Sin_City.jpgJ'avais un credo. Ce credo était que quand une suite de film sortait, je devais parler du premier film le jour de la sortie. Aussi ai-je rompu EXCEPTIONNELLEMENT ce credo pour vous parler de Sin City.

The Hard Goodbye

Sin City reste pour moi très étrange. Le découpage scénaristique est surprenant au premier abord, mais quand on cherche à le comprendre, tout devient clair. Pour faire un rapide résumé de mes propos, voici le début de Sin City :

-1ère scène, un homme tue une femme.
-2nd scène, Hartigan, joué par Bruce Willis, sauve Nancy, une enfant de 11 ans, d'un pédophile.

Ces deux éléments n'ont rien à voir ensemble, la première scène est totalement inutile dans le film et l'on n'y fait jamais allusion, sauf à la fin, et l'avenir d'Hartigan nous est alors totalement inconnue, sauf que, après le générique, l'histoire reprend avec Marv qui essaie de découvrir qui est l'assassin de Goldie, une prostituée de luxe. Après la partie Marv de l'histoire, qui se termine sur une note tragique, vient le couplet de Dwight, fervent protecteur des prostituées, durant lequel il tentera, avec succès, de cacher une preuve pouvant compromettre la trêve établie entre policiers, la mafia et...et bien les putes. Enfin, Hartigan est accusé d'avoir tuer le fils du sénateur ainsi que d'avoir violer la gamine qu'il protégeait au début du film.

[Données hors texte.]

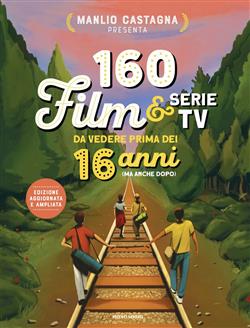 160 film e serie tv da vedere prima dei 16 anni (ma anche dopo)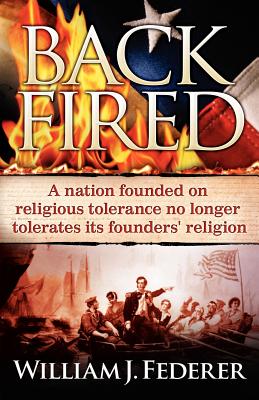 Image for Backfired: A Nation Born For Religious Tolerance No Longer Tolerates Religion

Ça, c'était le scénario global de chacun des protagonistes. Dans le détail, ce sera très long à expliquer. J'y reviendrais peut être une autre fois (taux de chance que je fasse un hors-série : 90%). La particularité du film est qu'il est en noir et blanc, sauf pour certaines nuances de rouge ou bien quelques éléments qui se veulent marquant ou importants pour le déroulement de l'histoire, tel que les yeux bleus de la femme dans la séquence d'intro ou bien les médocs oranges de Marv. Cela donne ce côté film policier des années (?), surtout que l'univers colle bien avec ce genre de graphisme. Les décors, réalisés sur fond verts qui plus est, donnent, quant à eux, l'effet comics qui va bien, ce qui permet de ne jamais ennuyer, visuellement, le spectateur qui découvre quelque chose d'unique en quelque sorte. Là je parle pour moi, mais je pense que je ne suis pas le seul à avoir été marquer par la patte graphique du film, patte graphique qui rend d'autant plus le film culte.Sin_City_-_Marv.jpgComic Book

Si vous l'ignorez, Sin City est adapté d'un comics de Frank Miller. En 7 tomes, Miller relate les différentes "aventures" de personnages tel que Marv, Dwight ou bien Nancy. Sin City, le film, est en partie inspiré du premier tome pour la partie avec Marv, le troisième pour la partie avec Dwight et enfin le quatrième pour la partie Hartigan. Le sixième tome, Des filles et des flingues, est en réalité un recueil d'histoires courtes. Sin City possède aussi une timeline complexe, puisque c'est en quelque sorte des nouvelles se passant dans le même univers. Et essayer d'en établir une chronologie donnerait mal à la tête...Sin_City_-_hartigan.jpg

Finalement, je ne ferais pas de review. Pour la simple et bonne raison que je n'en vois pas l’intérêt. C'est le deuxième film adapté du BD culte que je vois, et je suis toujours aussi surpris du talent des réalisateurs à retransmettre l'univers d'une bande-dessinée à l'écran. J'ai en tout cas franchement bien aimé ! le Coup-Critique sur sa suite, A Dame to Kill For, sortira dans quelques jours, le temps de l'écriture et de l'illustration, alors A+ !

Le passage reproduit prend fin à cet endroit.